All in all, our country has a deep connection with the mighty and adorable animal. But then, why do we turn a blind eye to the issue of brutal killing of elephants?

Every year, a number of elephants sustain injuries and die after colliding with trains on railway tracks.


In India alone, 150 elephants have died while crossing the railways tracks between 1987 and 2010.

India has the largest wild population of the Asian elephants— around 28,000 in number. A report by the Elephant Task force, commissioned by the Ministry of Environment, revealed that 150 elephants were crushed to death by speeding trains between 1987 and 2010. It is also estimated that in the past one decade, over 100 elephants lost their lives in train collisions.

A recent incident occurred last month when an 18-month-old elephant was found severely injured on the side of the tracks in Belagavi, Karnataka.


What causes elephant-train collisions?

Railway lines and and other linear infrastructure projects run through the forests for thousands of kilometers affecting wildlife corridors. This causes the fragmentation of their habitat. Animals cross the tracks to reach nearby water bodies, or in search of food, and sometimes end up getting trapped.

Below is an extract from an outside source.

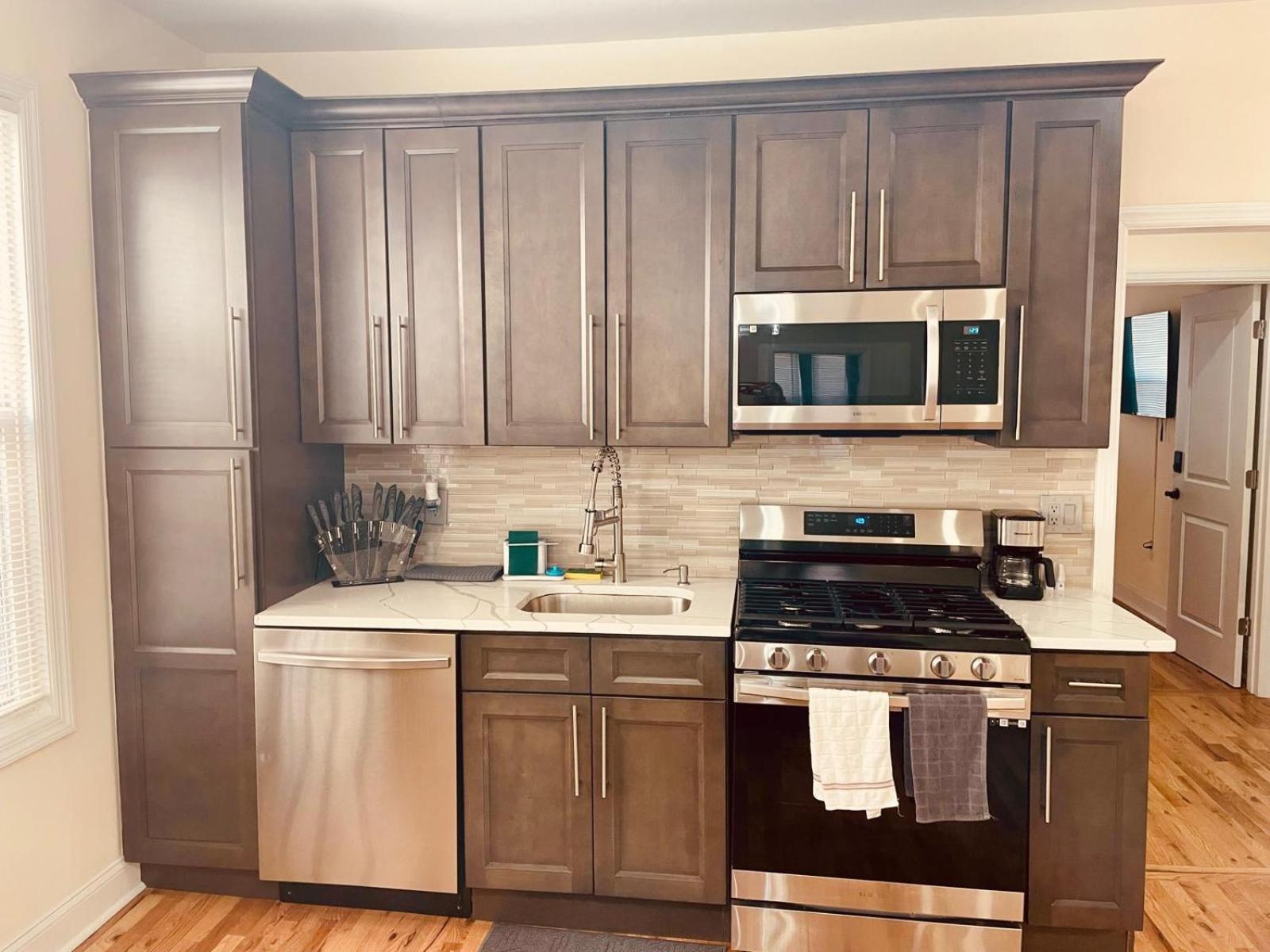 Ferienwohnung Ooohlala! 2 Beds And 2 Full Baths W/Free Parking Newark Exterior foto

The steep embankments alongside the tracks make it even more difficult for the bulky and slow-moving animal to escape when a train approaches.

It has also been reported that the frequency of accidents increased when tracks were converted from narrow gauge to standard gauge, allowing high speed trains to run.


Elephant contraceptives to reduce their population?

West Bengal government sought to curb such accidents by introducing elephant contraceptive drugs to reduce their population. However, the Supreme Court of India rejected the proposal to sterilize the wild animal.

The casual attitude of the government was obvious when the National Board for Wildlife gave a nod to the expansion of the railway line through Mahananda wildlife sanctuary, a track on which 55 elephants have already lost their lives after colliding with trains.


So, how do we strike a balance between development and conservation?

A closer look at the local issues causing accidents and a scientific study followed by planned mitigation efforts is required to address the problem.


Rajaji National Park in Uttarakhand has an 18-km long railway track running through it. Yet, in the past 10 years, no elephant deaths due to collisions have been reported.


What is Rajaji National Park doing right?

A joint patrolling team to monitor the movement of elephant herds near the track was deployed in the national park. Proper warning signs and hoardings were installed for train drivers and steep embankments were levelled. Along with this, vegetation around the blind turns was cleared to improve visibility for train drivers.


While it is understandable that we don’t want to compromise on developing infrastructure, let’s make sure that we don’t ignore our wildlife as well. It is essential that the government policies are inclusive of both.